No, the phrase “sons of God” here, and in other places in Scripture, does not refer to humans but to heavenly beings. They are the “principalities and powers in high places” of which Paul spoke. Of course, when humans were admitted into the kingdom of God in the New Testament, we were granted the title, “sons of God”, too. But other than that, “sons of God” refers to heavenly beings who serve God.

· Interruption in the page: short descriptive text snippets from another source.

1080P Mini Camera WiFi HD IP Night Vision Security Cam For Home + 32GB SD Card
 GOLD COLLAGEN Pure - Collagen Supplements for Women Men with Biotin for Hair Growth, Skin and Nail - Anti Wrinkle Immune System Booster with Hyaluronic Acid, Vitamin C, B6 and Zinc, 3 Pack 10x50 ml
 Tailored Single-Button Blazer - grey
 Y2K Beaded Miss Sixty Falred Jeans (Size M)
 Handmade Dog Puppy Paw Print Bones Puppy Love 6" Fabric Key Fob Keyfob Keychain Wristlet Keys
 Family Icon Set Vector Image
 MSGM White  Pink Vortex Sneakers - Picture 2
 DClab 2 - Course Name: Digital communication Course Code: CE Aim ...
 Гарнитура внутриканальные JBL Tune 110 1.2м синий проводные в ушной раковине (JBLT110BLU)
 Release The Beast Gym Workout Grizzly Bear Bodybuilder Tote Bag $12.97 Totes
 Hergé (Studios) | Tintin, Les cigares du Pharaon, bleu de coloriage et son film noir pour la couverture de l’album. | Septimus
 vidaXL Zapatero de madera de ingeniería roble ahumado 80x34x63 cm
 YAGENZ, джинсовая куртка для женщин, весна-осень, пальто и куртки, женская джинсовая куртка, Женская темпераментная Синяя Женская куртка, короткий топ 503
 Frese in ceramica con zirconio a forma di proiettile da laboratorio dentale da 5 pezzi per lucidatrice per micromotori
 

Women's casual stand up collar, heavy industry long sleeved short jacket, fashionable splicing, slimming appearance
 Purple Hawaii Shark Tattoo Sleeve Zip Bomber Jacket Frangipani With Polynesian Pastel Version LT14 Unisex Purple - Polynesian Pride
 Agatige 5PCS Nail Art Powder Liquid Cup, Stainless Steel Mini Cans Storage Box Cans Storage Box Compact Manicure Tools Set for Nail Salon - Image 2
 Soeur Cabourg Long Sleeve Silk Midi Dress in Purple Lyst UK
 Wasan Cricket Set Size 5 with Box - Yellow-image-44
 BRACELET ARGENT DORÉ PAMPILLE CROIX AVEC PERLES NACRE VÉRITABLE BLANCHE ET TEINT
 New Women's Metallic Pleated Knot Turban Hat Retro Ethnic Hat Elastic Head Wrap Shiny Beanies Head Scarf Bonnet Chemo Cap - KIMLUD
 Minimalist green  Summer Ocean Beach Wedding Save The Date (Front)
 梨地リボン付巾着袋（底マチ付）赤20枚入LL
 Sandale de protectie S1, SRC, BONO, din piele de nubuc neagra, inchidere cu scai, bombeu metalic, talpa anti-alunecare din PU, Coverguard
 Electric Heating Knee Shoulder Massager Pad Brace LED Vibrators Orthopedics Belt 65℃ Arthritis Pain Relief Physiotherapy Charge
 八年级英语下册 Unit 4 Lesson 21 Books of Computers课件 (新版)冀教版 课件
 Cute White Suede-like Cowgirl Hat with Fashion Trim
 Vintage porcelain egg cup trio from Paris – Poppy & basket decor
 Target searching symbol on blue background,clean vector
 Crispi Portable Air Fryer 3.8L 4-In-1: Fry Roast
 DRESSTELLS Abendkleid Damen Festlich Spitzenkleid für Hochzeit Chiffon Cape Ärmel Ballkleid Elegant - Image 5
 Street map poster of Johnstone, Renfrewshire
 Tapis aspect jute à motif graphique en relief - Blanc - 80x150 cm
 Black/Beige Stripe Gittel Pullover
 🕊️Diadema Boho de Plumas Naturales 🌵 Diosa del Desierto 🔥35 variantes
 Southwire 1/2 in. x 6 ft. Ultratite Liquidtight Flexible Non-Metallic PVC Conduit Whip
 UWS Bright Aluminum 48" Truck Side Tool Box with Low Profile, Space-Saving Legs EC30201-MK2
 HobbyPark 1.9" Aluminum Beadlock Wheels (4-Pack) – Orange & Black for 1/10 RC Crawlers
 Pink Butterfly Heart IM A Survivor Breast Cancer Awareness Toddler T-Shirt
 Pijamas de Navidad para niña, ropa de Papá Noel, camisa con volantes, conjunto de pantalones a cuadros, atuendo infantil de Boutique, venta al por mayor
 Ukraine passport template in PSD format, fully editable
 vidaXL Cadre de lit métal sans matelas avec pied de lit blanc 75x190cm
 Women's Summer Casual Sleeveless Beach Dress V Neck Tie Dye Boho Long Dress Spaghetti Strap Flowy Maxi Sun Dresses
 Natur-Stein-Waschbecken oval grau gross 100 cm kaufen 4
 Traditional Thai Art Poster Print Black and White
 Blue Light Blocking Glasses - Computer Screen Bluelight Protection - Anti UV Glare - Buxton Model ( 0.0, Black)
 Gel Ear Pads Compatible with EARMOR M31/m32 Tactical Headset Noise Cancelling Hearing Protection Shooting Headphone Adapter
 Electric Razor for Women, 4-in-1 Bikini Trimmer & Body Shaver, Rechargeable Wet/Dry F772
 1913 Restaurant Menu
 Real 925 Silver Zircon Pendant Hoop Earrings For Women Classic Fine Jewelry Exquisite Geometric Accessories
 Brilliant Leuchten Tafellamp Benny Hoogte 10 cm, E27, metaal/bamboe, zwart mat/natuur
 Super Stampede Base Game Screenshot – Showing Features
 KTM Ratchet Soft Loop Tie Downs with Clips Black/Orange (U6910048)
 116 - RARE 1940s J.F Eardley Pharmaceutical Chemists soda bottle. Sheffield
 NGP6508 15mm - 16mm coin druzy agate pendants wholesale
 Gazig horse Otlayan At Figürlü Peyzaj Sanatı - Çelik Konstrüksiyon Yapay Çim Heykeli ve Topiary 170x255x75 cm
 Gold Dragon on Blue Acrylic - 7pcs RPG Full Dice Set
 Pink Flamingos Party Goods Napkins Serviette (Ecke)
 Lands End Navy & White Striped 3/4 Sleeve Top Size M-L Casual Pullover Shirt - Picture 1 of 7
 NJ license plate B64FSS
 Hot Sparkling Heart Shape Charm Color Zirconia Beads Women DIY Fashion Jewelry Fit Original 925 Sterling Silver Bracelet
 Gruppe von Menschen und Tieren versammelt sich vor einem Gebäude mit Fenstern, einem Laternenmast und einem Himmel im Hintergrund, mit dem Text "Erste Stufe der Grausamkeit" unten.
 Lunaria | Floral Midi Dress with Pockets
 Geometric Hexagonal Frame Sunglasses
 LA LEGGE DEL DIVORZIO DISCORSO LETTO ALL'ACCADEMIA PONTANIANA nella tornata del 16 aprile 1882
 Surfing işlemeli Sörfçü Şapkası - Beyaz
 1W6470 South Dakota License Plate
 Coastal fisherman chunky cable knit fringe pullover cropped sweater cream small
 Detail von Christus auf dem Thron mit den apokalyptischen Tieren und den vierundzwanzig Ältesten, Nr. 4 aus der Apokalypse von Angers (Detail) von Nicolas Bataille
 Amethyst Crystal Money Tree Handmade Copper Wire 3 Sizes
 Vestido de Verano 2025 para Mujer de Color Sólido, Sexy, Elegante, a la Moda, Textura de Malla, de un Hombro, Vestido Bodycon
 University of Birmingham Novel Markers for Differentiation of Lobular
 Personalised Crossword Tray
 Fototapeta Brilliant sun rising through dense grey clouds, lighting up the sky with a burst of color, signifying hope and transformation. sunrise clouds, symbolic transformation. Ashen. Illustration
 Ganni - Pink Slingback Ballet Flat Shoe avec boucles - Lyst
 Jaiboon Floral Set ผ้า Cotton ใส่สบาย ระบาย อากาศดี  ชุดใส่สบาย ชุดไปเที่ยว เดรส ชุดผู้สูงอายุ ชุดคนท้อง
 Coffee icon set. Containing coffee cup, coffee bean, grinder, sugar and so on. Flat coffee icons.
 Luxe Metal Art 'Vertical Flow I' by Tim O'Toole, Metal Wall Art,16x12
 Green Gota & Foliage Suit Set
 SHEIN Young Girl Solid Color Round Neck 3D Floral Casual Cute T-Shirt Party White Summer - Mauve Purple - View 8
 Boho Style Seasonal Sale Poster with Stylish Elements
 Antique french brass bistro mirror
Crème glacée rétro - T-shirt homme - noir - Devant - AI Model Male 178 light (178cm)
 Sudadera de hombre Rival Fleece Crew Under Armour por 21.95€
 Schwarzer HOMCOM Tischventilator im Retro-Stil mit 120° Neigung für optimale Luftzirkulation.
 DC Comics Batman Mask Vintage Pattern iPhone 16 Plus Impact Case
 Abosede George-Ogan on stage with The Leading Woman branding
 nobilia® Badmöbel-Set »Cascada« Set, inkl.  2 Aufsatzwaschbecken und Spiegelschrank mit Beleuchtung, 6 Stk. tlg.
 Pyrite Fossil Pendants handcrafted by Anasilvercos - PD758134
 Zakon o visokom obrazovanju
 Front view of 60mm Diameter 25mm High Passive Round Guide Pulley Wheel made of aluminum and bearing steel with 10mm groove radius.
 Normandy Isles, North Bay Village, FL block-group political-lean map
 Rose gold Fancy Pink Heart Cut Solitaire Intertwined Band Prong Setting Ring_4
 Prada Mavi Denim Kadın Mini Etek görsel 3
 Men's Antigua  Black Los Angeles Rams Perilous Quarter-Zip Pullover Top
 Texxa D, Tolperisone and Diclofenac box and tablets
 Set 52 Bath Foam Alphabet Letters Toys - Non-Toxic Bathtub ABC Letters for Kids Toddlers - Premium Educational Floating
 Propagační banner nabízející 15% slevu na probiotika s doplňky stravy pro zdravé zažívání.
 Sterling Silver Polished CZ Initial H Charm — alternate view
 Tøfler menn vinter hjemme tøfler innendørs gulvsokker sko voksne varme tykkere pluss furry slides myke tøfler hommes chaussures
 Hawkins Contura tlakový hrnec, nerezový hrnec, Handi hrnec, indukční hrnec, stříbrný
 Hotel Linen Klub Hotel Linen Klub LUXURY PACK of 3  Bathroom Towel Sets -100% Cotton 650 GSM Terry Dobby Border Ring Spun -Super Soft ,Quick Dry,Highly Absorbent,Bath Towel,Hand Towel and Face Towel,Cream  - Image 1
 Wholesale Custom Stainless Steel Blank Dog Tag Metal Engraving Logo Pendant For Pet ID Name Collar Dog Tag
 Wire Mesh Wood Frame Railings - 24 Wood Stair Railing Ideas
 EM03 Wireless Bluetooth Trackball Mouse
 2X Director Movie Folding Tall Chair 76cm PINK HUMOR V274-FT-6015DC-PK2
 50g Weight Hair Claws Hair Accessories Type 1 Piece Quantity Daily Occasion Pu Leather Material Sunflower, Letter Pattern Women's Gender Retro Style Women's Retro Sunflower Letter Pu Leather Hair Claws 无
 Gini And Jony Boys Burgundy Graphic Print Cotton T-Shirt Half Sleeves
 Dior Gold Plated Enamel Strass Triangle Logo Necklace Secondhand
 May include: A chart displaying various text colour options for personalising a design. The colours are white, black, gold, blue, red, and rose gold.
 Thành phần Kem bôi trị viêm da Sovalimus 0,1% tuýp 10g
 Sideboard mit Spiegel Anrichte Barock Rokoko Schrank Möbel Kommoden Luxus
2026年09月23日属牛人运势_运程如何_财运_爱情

In the verse from Deuteronomy that you sent me, “sons of God” is a reference to the spiritual powers to whom God gave authority over various nations of earth and/or smaller dominions, such as territories within nations, and perhaps even smaller areas, such as towns. We catch a glimpse of these “spiritual powers in high places” in the book of Daniel (10:12-13), where an angel tells Daniel that “the prince of the kingdom of Persia” opposed his coming to Daniel, and actually delayed his arrival for three weeks! (By the way, a “principality” is the area controlled by a prince.) This “prince of Persia” was one of the “sons of God” by whose number God determined the size of the world and the number of the nations in it. It seems obvious to me, since that “prince of Persia” withstood God’s messenger (until Michael the archangel came to help him overcome that “prince”), that he was among the foolish angels who were deceived by Satan and were eventually cast out of God’s kingdom.
The ancients were aware of the reality of spiritual powers in high places, but as with all other truth handed to them by Noah and others who preceded them, they perverted the truth and began to worship those powers as gods, inventing stories (myths) about the gods and the “heroes” to support their vain imagination.
Thanks for the question. It was a good one.